**THE INPUT:**
******

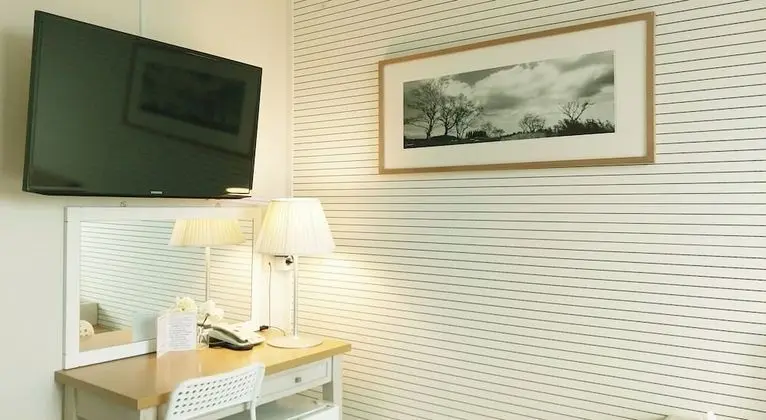 Üç Kişilik Oda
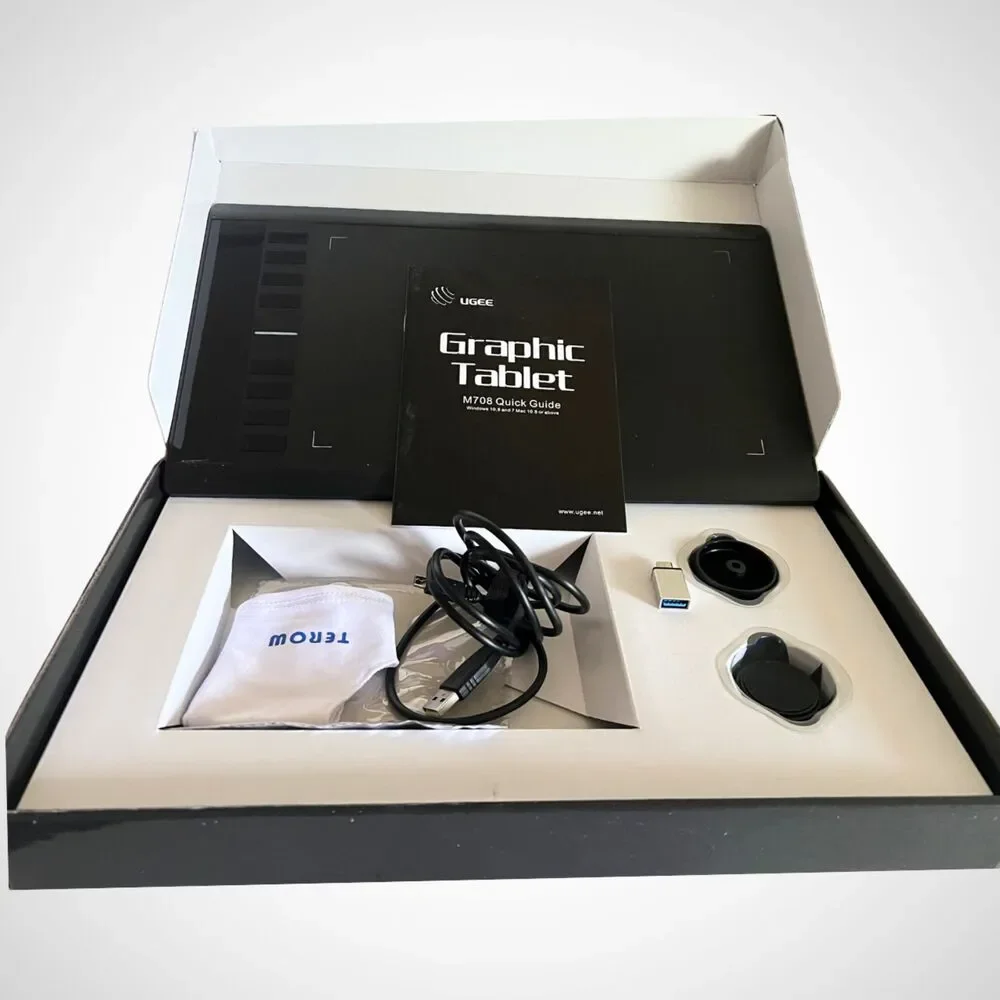 UGEE M780 Graphics Tablet with Extra Accessories - Open Box Never Used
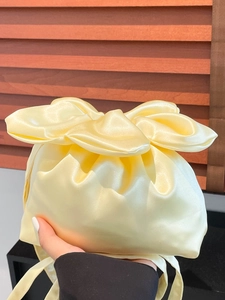 Sac Bandoulière Mignon en Forme de Fleur en Satin pour Femmes Mini Sac Seau à Cordon Petit Sac à Épaule à Carreaux Main de Fête Été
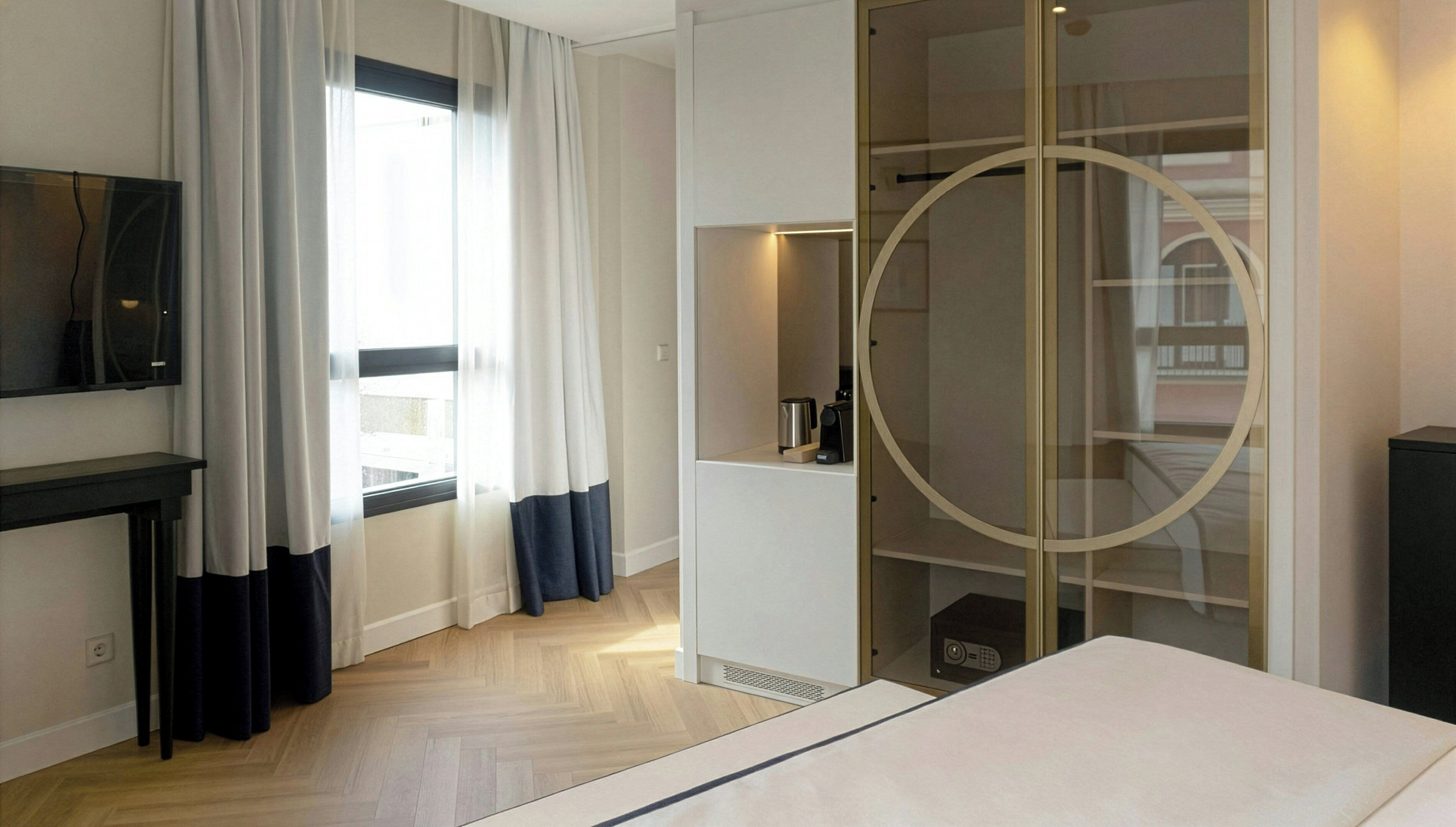 Junior Suite | Minibar, in-room safe, desk, blackout curtains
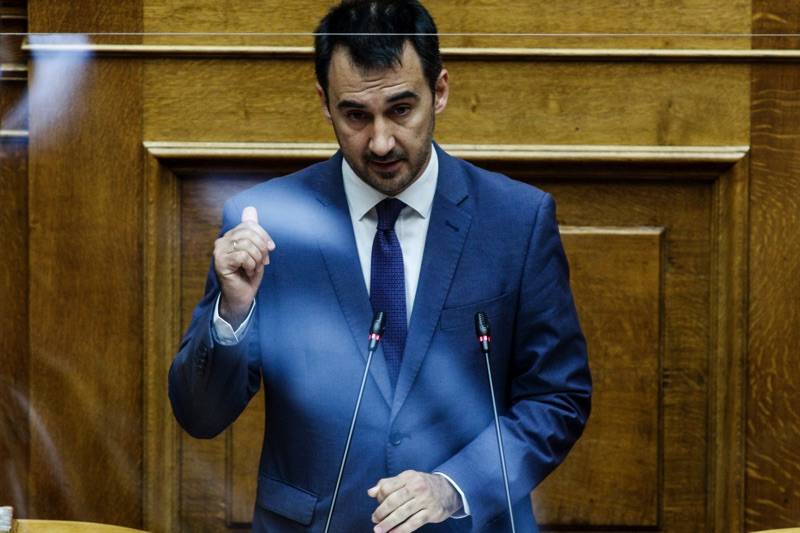 Χαρίτσης: "Η κυβέρνηση ετοιμάζεται να δημιουργήσει έναν νέο κύκλο μαζικών πτωχεύσεων νοικοκυριών και επιχειρήσεων"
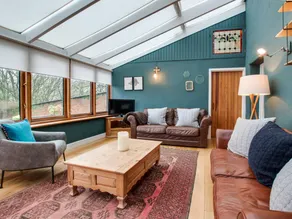 Cottage with garden & BBQ - Image 4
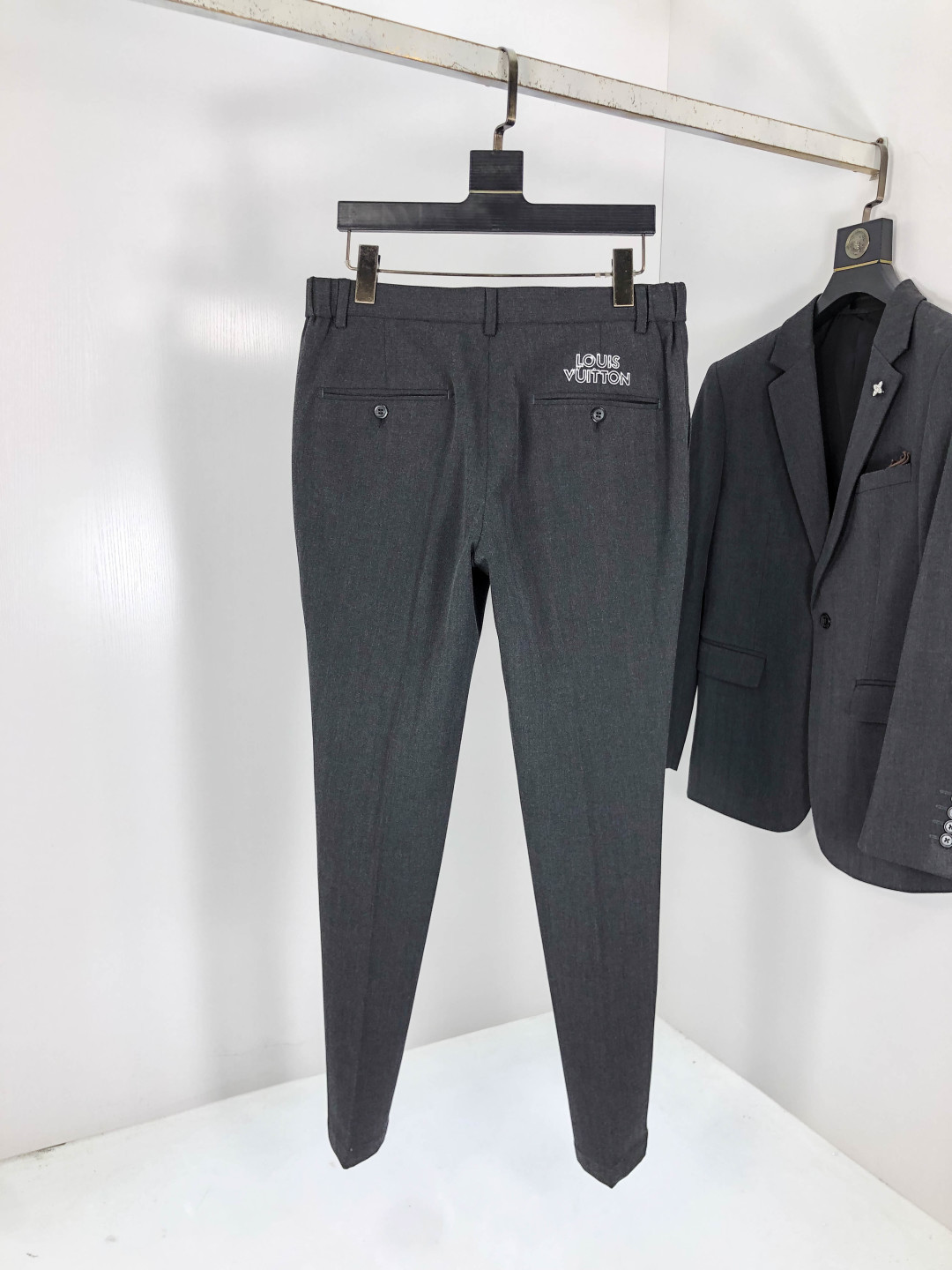 Louis Vuitton Male Basic Clothing Cotton Gray Slim Fit L-175130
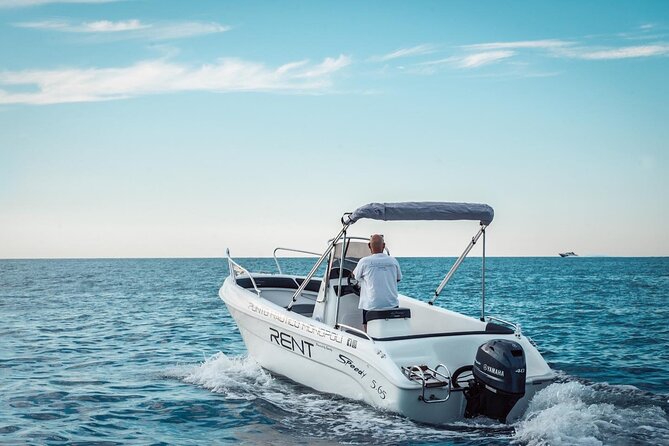 4 or 8 Hours Rental of Motor Boats Without Driver and Licence - Good To Know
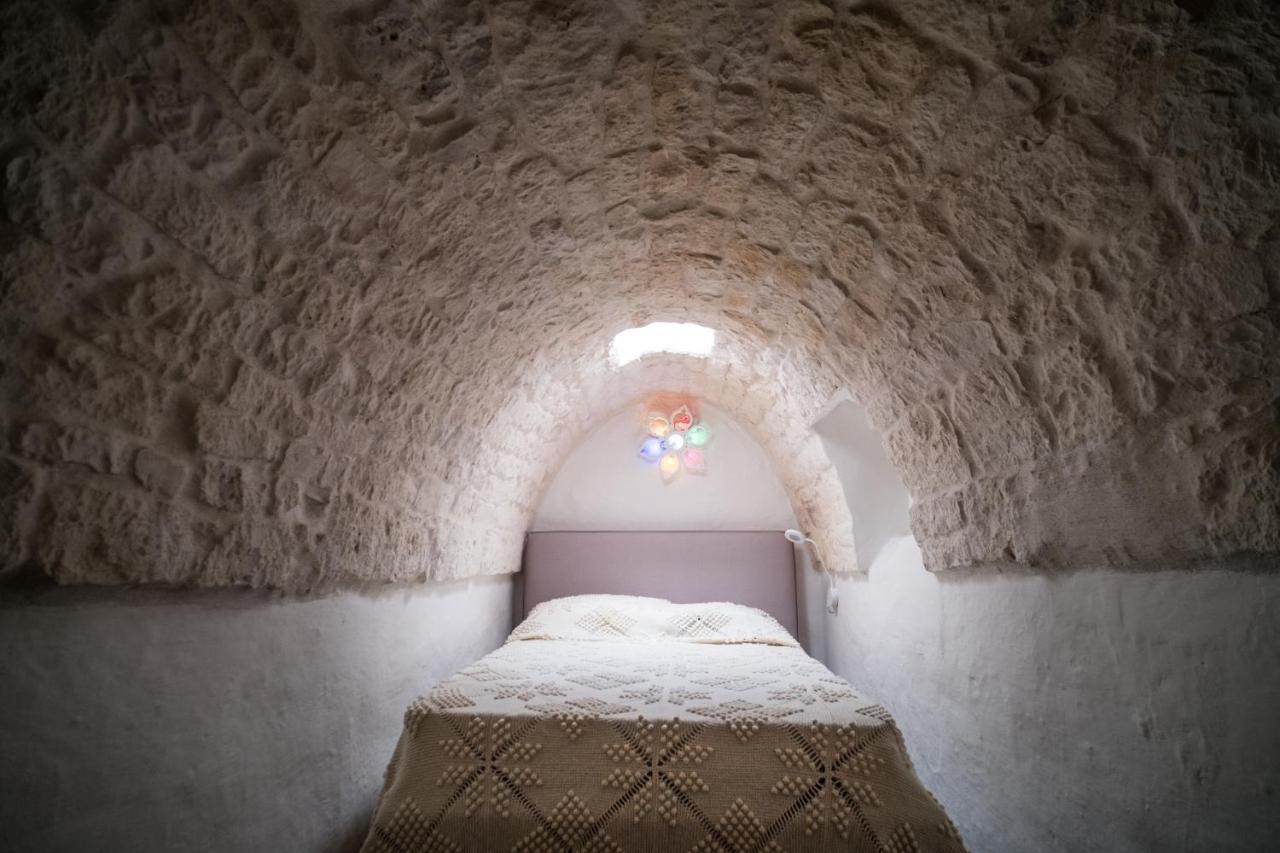 800S Home Luxury Rooms Ostuni Bagian luar foto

******

Everything from the line with "κυβέρνηση ετοιμάζεται να" through the end of the records is to be repeated exactly. The pictures are not.

**OUTPUT OF THE EXERCISE:**
 Χαρίτσης: "Η κυβέρνηση ετοιμάζεται να δημιουργήσει έναν νέο κύκλο μαζικών πτωχεύσεων νοικοκυριών και επιχειρήσεων"
 Cottage with garden & BBQ - Image 4
 Louis Vuitton Male Basic Clothing Cotton Gray Slim Fit L-175130
 4 or 8 Hours Rental of Motor Boats Without Driver and Licence - Good To Know
 800S Home Luxury Rooms Ostuni Bagian luar foto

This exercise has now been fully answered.